US General Tommy Franks said Saturday that US-led troops would overwhelm Iraqi forces in a never-before-seen scale, but acknowledged in his first comments since the war started that Saddam Hussein's regime was mounting a fight.
Speaking from his Gulf command post, Franks said coalition troops hadn't found any weapons of mass destruction in the war's first four days, but said he remain concerned that Saddam's forces might still try to use chemical weapons against advancing forces.
While offering no comprehensive battle assessments and few specifics on the war so far, Franks said he was satisfied with his troops' performance and boasted that the campaign to "liberate" the country would be "unlike any other in history."
He called it "a campaign characterized by shock, by surprise, by flexibility, by the employment of precise munitions on a scale never before seen and by the application of overwhelming force."
He acknowledged resistance, however, saying US troops had encountered Iraqi formations on several occasions and in several places and that the Iraqis had mounted "a lot of air defenses" around Baghdad.
But he bristled when asked whether the resistance was stiffer than he had admitted and pointed to what he said were "thousands" of instances of Iraqis surrendering since the war started Wednesday.
"What we say from this podium ... will be absolute truth as we know it," he said.
He said coalition forces were working to negotiate the surrender of Iraqi troops rather than overwhelm them militarily in the southern city of Basra, Iraq's second-largest.
By Saturday, US and British troops had taken the city's airport and a bridge, but Saddam Hussein's security forces resisted with artillery and heavy machine guns, frustrating a speedy advance.
"Our intent is not to move through and create military confrontations in that city," he said. "Rather we expect that we'll work with Basra and the citizens in Basra the same way, I believe, has been widely reported in Umm Qasr," which US officials said was taken on Friday although not entirely secured.
US military officials said Saturday that the aim of coalition troops wasn't to fully occupy and secure cities such as Basra, but move through them en route to Baghdad and keep units in place to fight any lingering battles.
"This is about liberation not occupation," Franks said.
Hundreds of international journalists attended the briefing, the first use of the US military's high-tech US$1.5 million briefing center here in the Qatari desert. Ranking officers from Britain, Australia, Denmark and the Netherlands stood behind Franks as he spoke.
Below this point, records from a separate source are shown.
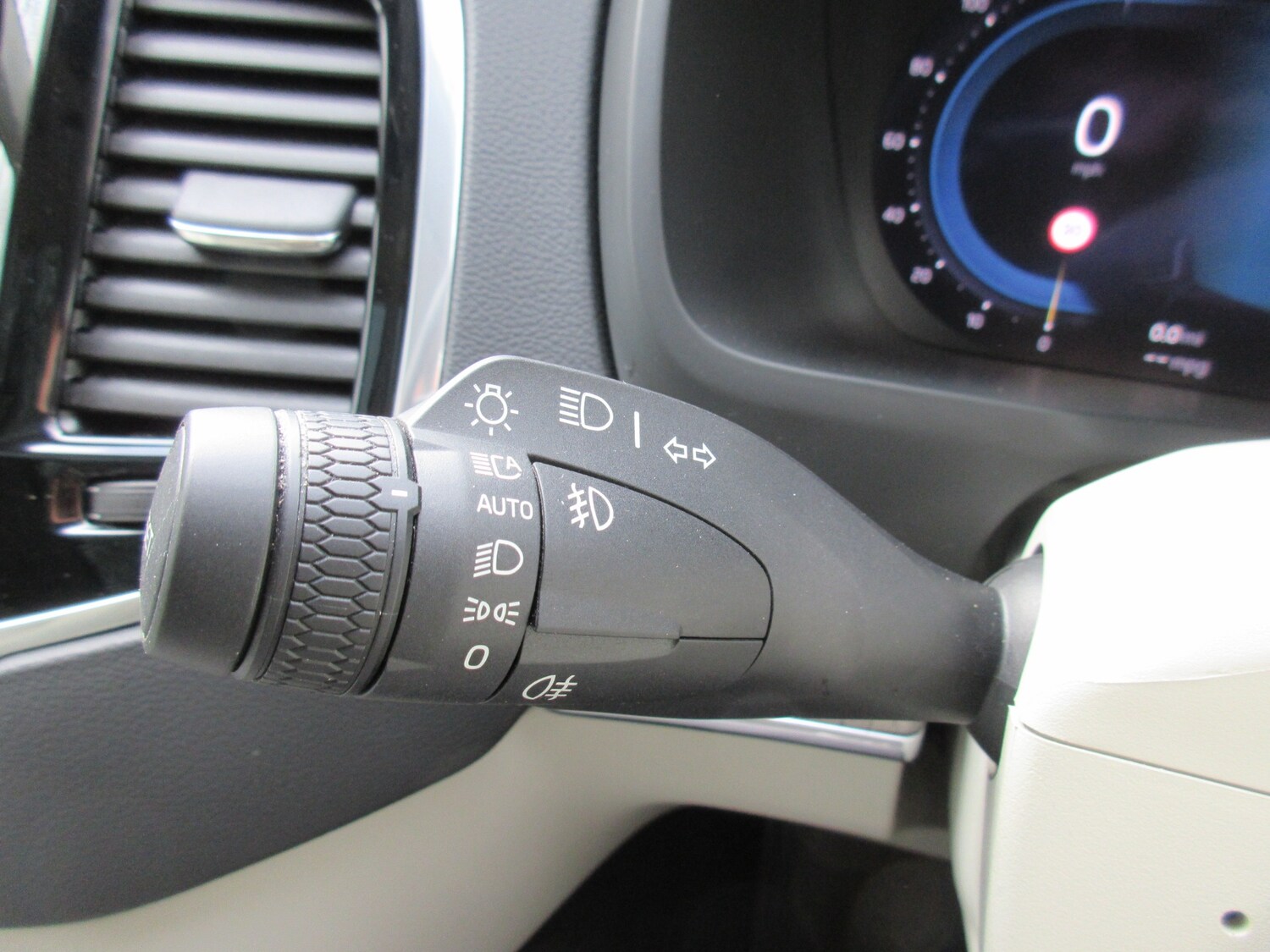 Used Volvo XC90 2023 for sale - 77829310: Photo 59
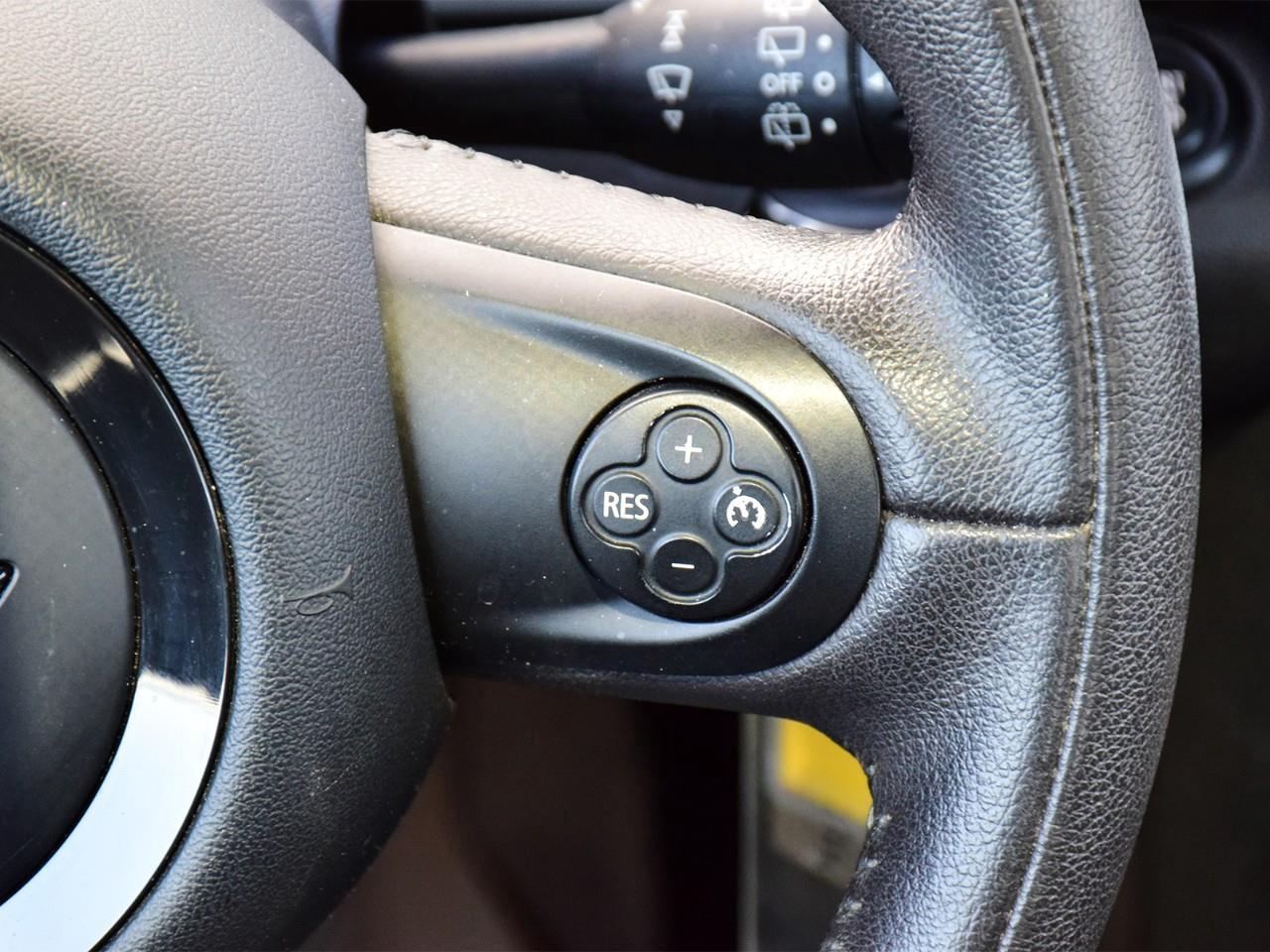 2013 MINI Hatch Cooper 2dr Photo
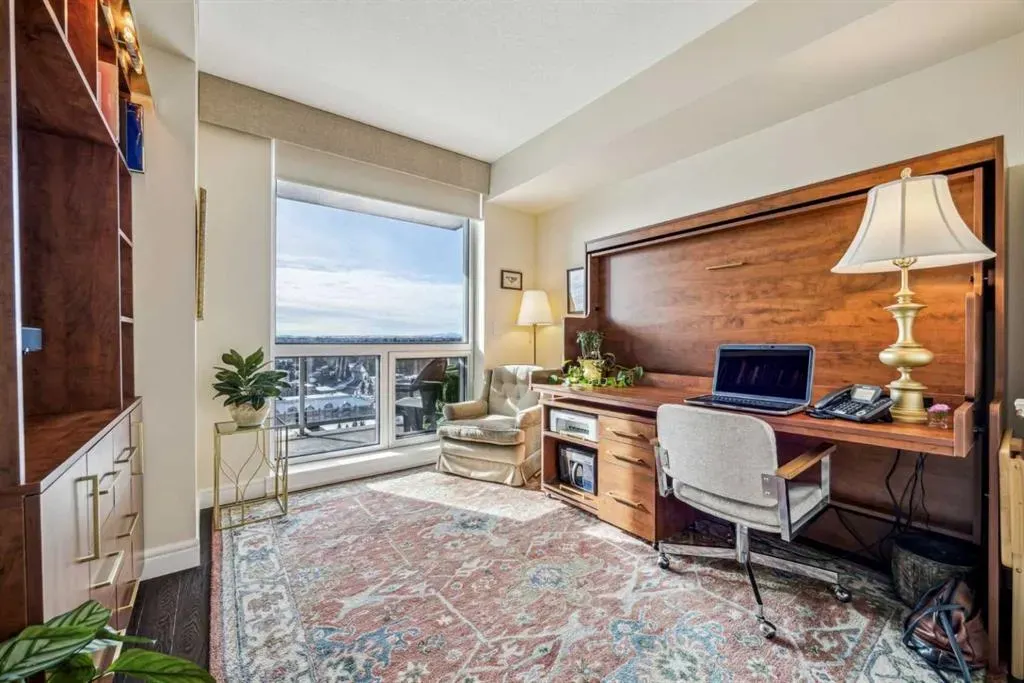 817 15 Avenue SW, #2002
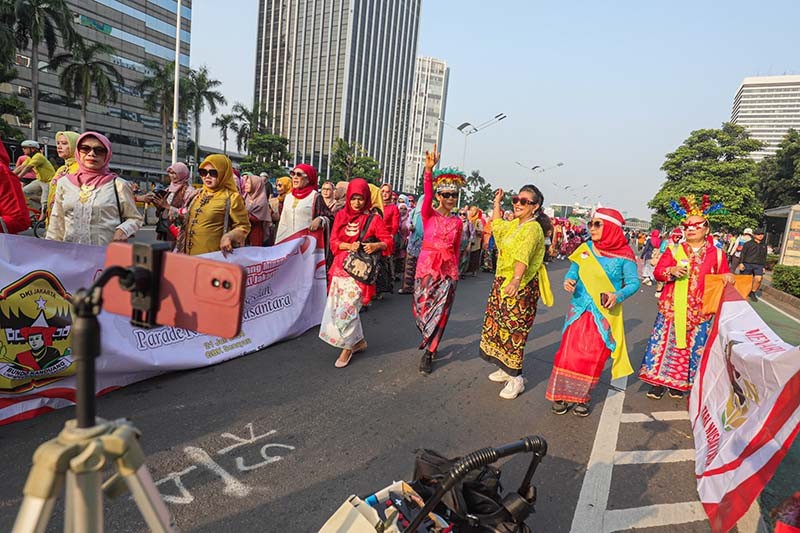 Ratusan Ibu-Ibu Parade Sambut Hari Kebaya Nasional 2024 - Bagian 5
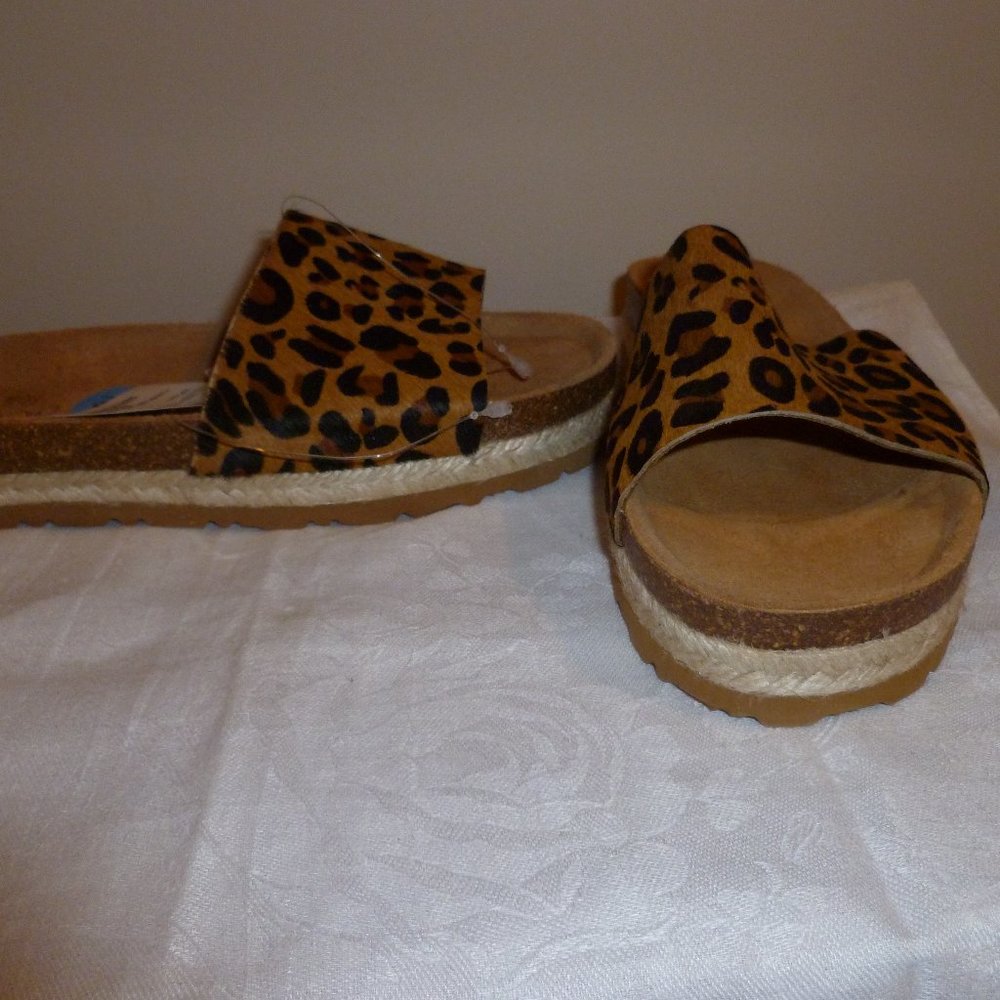NEW 7 1/2 Leather Hide Leopard Upper Yokono Espadrille Slides Mules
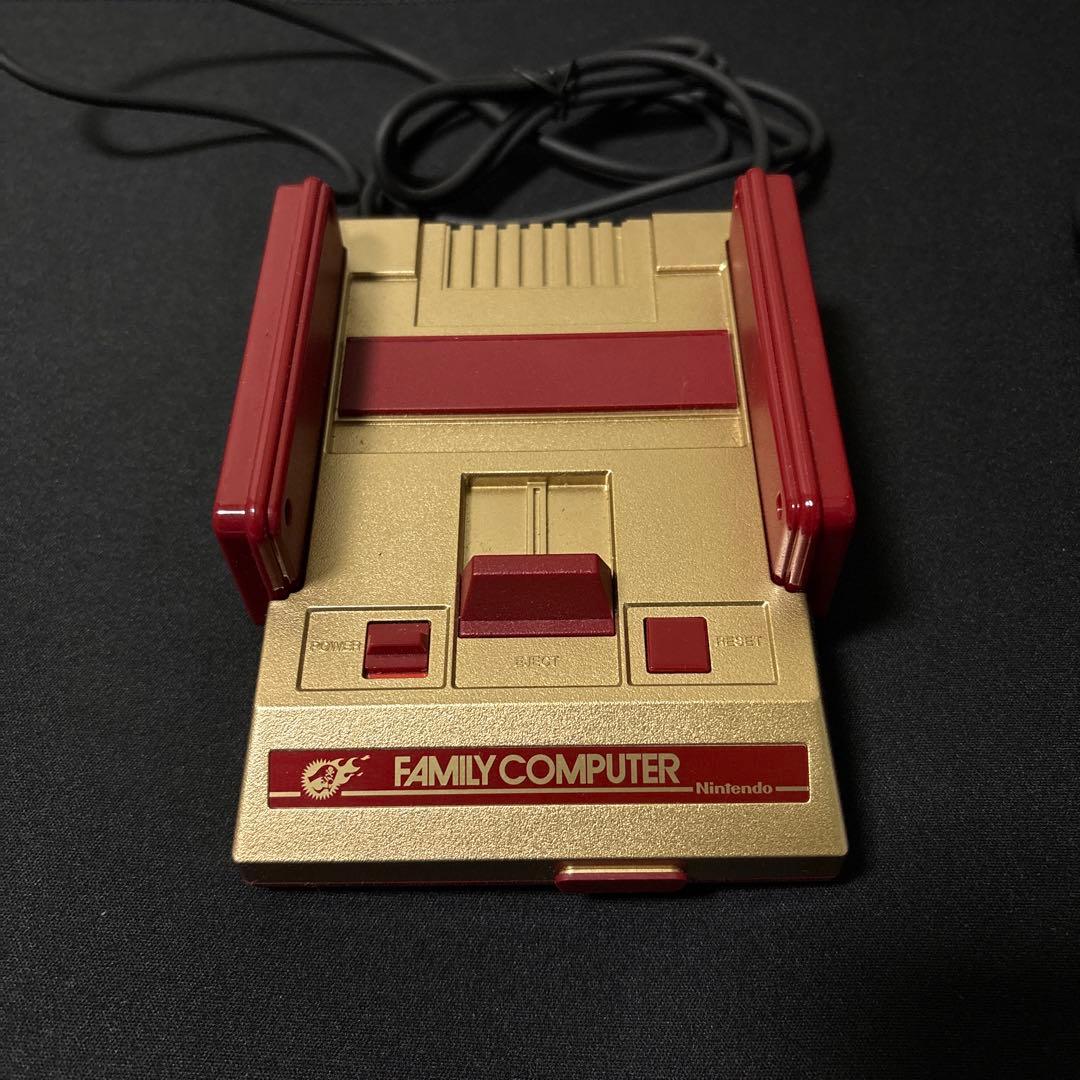 Nintendo ファミコンミニ本体、限定色、ケーブル一式セット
The general also said he had "no idea" where Saddam was and had no clarification of reports that he was injured or killed in bombardments on the night the war started.
"But interestingly," he said, "the way we're undertaking this military operation" would not change regardless of what happens to Saddam, because its intent was to bring down the Iraqi regime -- not just topple its president.
The general confirmed US missile attacks on a camp of the al-Qaeda-linked militant group Ansar al-Islam, in northern Iraq on Friday night. Kurdish officials in the region said at least 100 people died in the bombardment.